_Requirement_
Output only the lines from the line holding "Cotton Silk Trophy Polo in Mist" through the close of the records, exactly as they appear, with all pictures omitted.

_Information provided_

::::::::

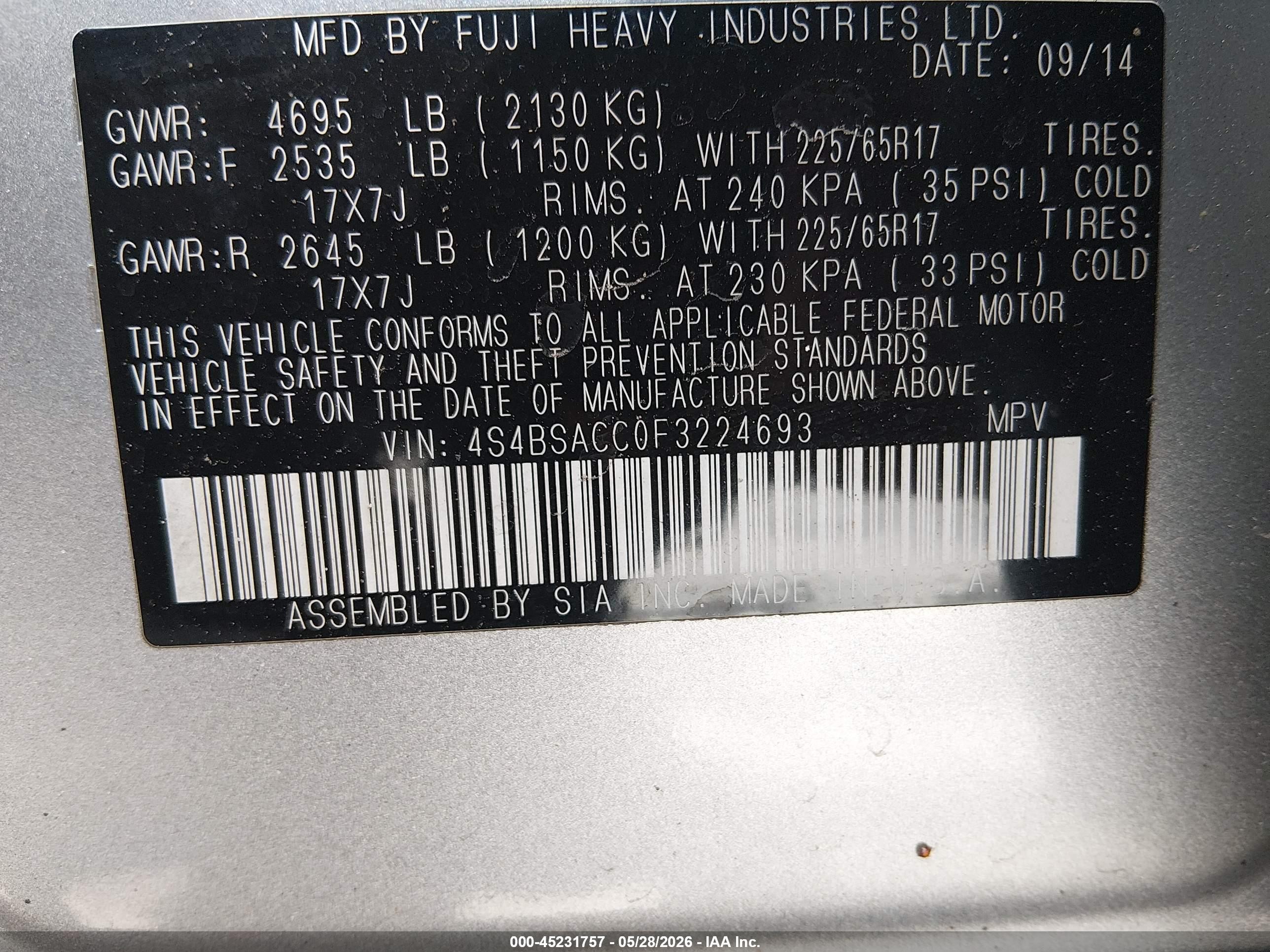 2015 Subaru Outback 2.5i Premium Silver vin: 4S4BSACC0F3224693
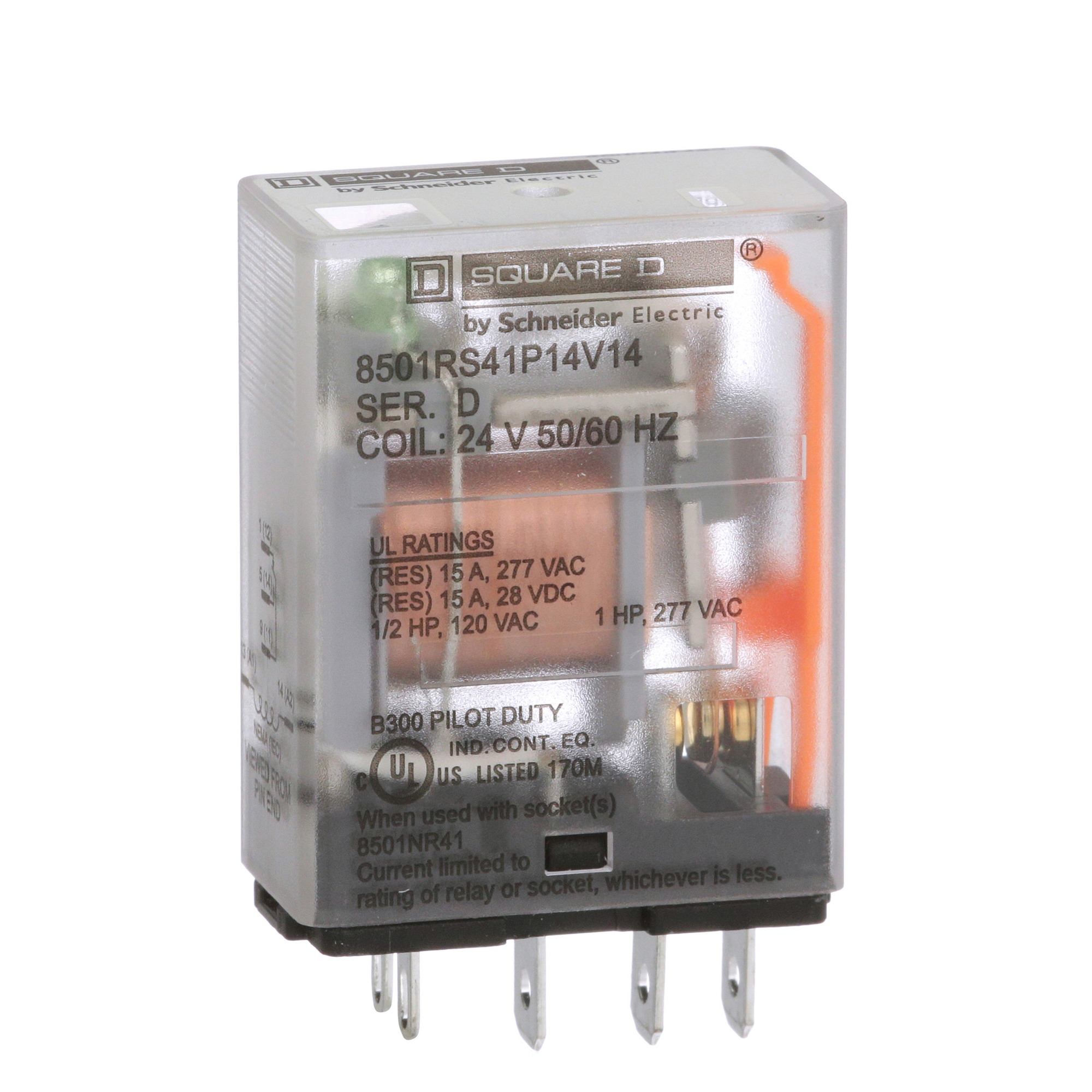 8501RS41P14V14 Type R Plug-In Relay, 10 A, 1CO 1 Form C SPDT Contact, 24 V AC V Coil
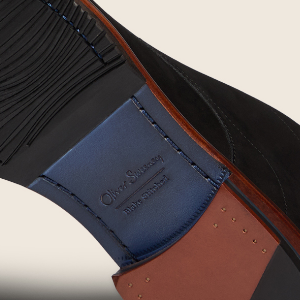 Closeup of Leather sole with rubber forepart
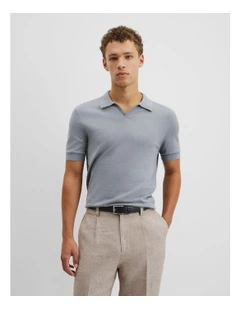 Cotton Silk Trophy Polo in Mist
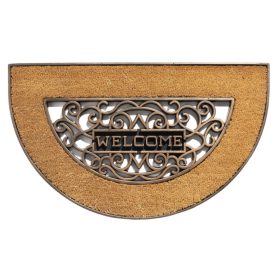   Különleges kókusz lábtörlő, "Mathara-Natural" 45x75cm félkör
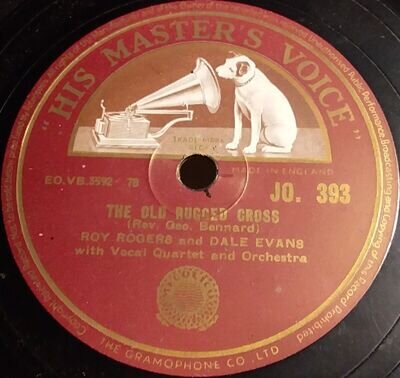 Roy Rogers & Dale Evans - The Old Rugged Cross 1954 Aust Vintage 10" Shellac 78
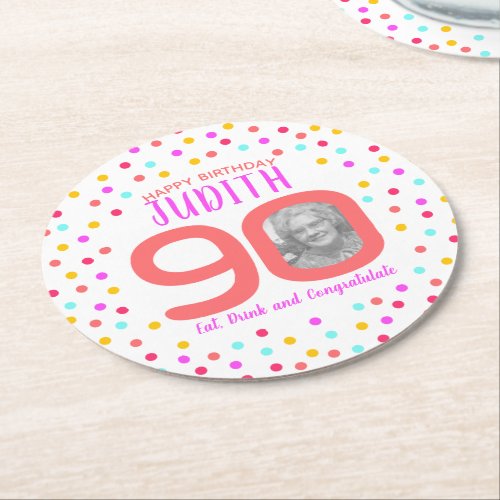 90th custom photo colorful coral confetti birthday round paper coaster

::::::::

_Response area_
 Cotton Silk Trophy Polo in Mist
   Különleges kókusz lábtörlő, "Mathara-Natural" 45x75cm félkör
 Roy Rogers & Dale Evans - The Old Rugged Cross 1954 Aust Vintage 10" Shellac 78
 90th custom photo colorful coral confetti birthday round paper coaster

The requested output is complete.